I learned two invaluable lessons that year: One, in order for this marriage to work, I had to change…and so did she.  We both needed to grow out of our selfishness and pettiness, and the sooner, the better.  Two, I couldn’t look to her as the source of my happiness.  Marriage doesn’t work like that.  The infatuation of the early days of falling in love is thrilling.  So is the anticipation of an engagement.  But those kinds of feelings are temporary.  It’s like eating the most spectacular dessert ever; it tastes amazing, but you can’t live on it long-term.  I knew then that I needed to deepen in my relationship with Jesus, the actual Bread of Life…only He would give me the joy, purpose and identity I was foolishly looking for in marriage.  The good news is that, as I did this, the growth I would experience would (hopefully) make me a better husband, too.

I’ll talk more in a later blog post about how things changed (both in me and in our marriage) after that, but for now, I’ll just say that it was a long process of learning what it meant to be a good man.  I’m still working on that.  So is she.  (Okay, that last sentence was a joke…sort of).  The good news is that, over the years, we have built something wonderful.  I look forward to seeing her each day, and the high point of my week is our Friday breakfast date.  I look back over these twenty five years, and see so many ways she has supported me, helped me choose the right path, and filled my days with joy and laughter.  It took work for us to get to this point, but it has been well worth it.

I remember seeing a published study in the years just after I stopped believing in soulmates.  It said that people who were in arranged marriages had far greater marital satisfaction than people who chose their own mates.  It’s hard for us in the Global West to believe such a claim.  We think freedom is always best, including the freedom to choose one’s own spouse.  But as I thought about it, it made sense.  A man in an arranged marriage knows that he is stuck with this woman, so he might as well learn to love her for who she is.  He has no reason to compare her to some mythical person who meets all his needs; he went into the relationship without those overly romantic expectations.  So whereas the American model leaves him thinking, “My soulmate is out there somewhere.  I just married the wrong person,” his actual situation leaves him with one viable option: Love the one he has.  And build something beautiful with her.

I’m not arguing that we should begin arranging marriages for our kids (although as a Dad, the idea is appealing).   But here’s what I am saying:

If you’re not married, choosing the right person to marry is crucial.  A life of singleness is not an empty life (see 1 Corinthians 7, where Paul calls his singleness a gift), and is far better than marrying someone for the wrong reasons.  Before you marry, ask yourself, “Does he/she make me a better person?”  From a Christian perspective, that means “Does he/she draw me closer to Christ, and to becoming the person He is trying to create in me?”  Ask someone who knows you well that same question–your parents or a close friend who will definitely tell you the truth.  If the answer is no, walk away.  If the answer is yes, and you choose to marry…it will still be hard work!  I absolutely married the right person, and it has still been incredibly difficult!  But the work will be so very worth it.
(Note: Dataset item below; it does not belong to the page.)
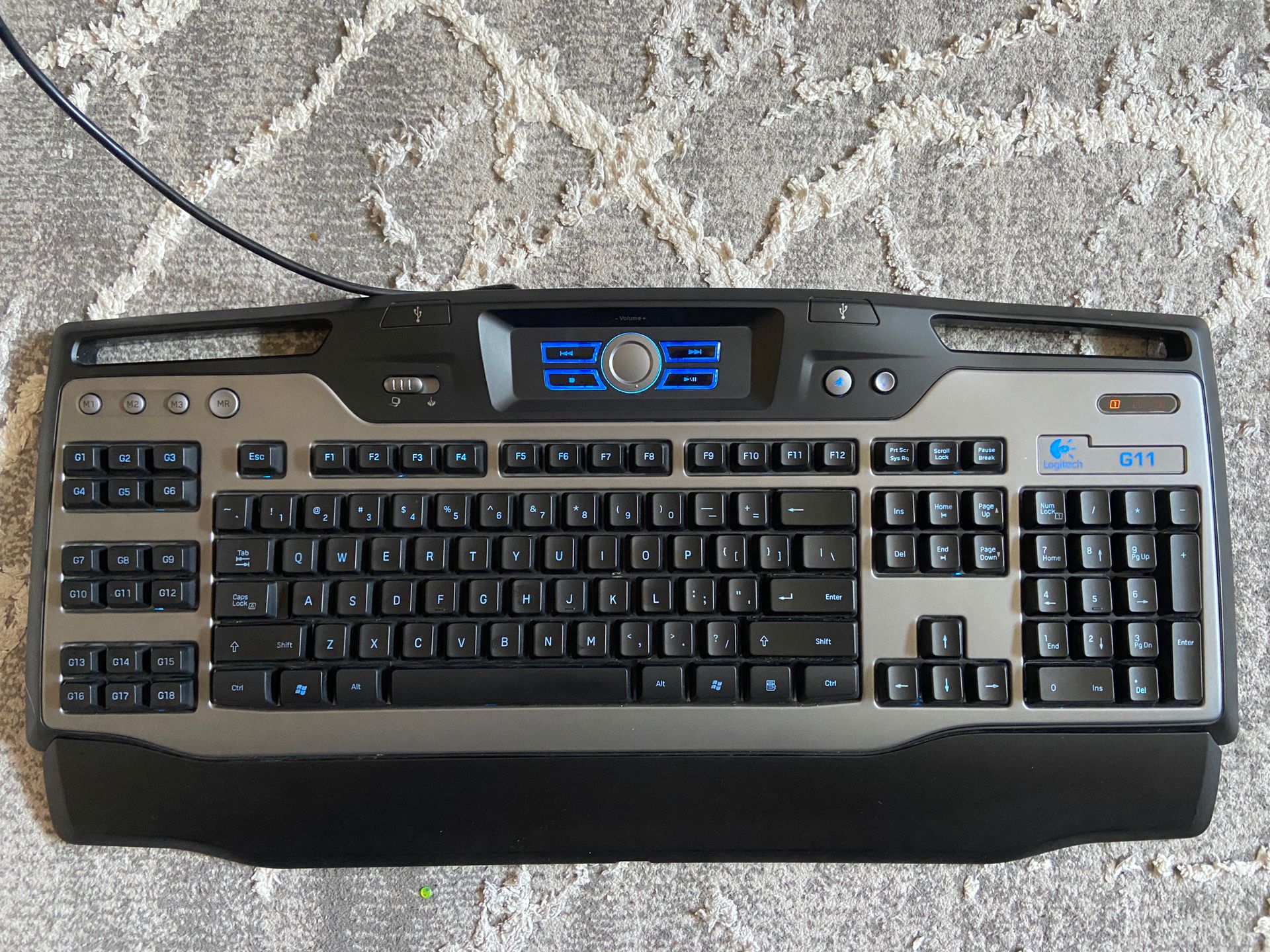 Logitech's G11 Gaming Keyboard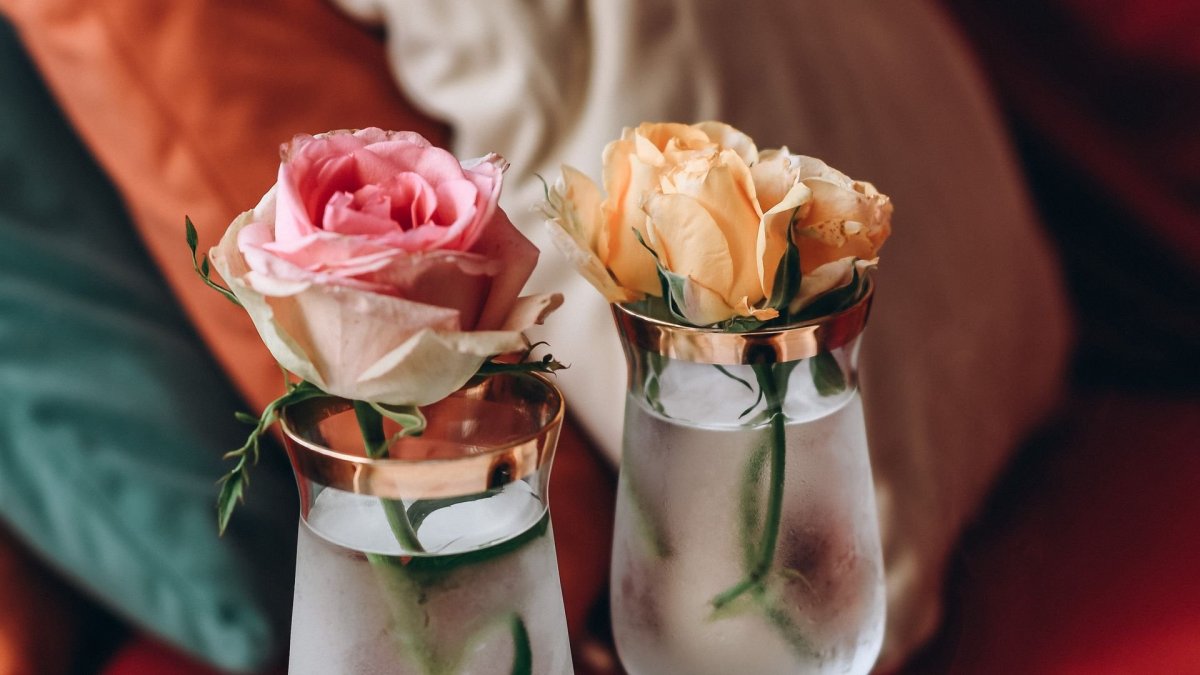 Бокал с цветами фотосессия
If you are married, there is a person God has in mind for you to love, to believe in, to support, to pray for, to seek to please, and to enjoy completely.  That person is the person to whom you are currently married. If you are unhappy in your marriage, unless you are being abused by your spouse, leaving them won’t bring you the happiness you yearn for. Ask God to help you love them as they are, to love them as He does.  In other words, ask God to help you love your spouse the way He already loves you…He sees all the flaws, but He chooses to love you anyway.  In fact, against all the odds, He delights in you.  And He can produce that kind of love in your marriage, too.  Give Him that chance…and then go to work building something beautiful.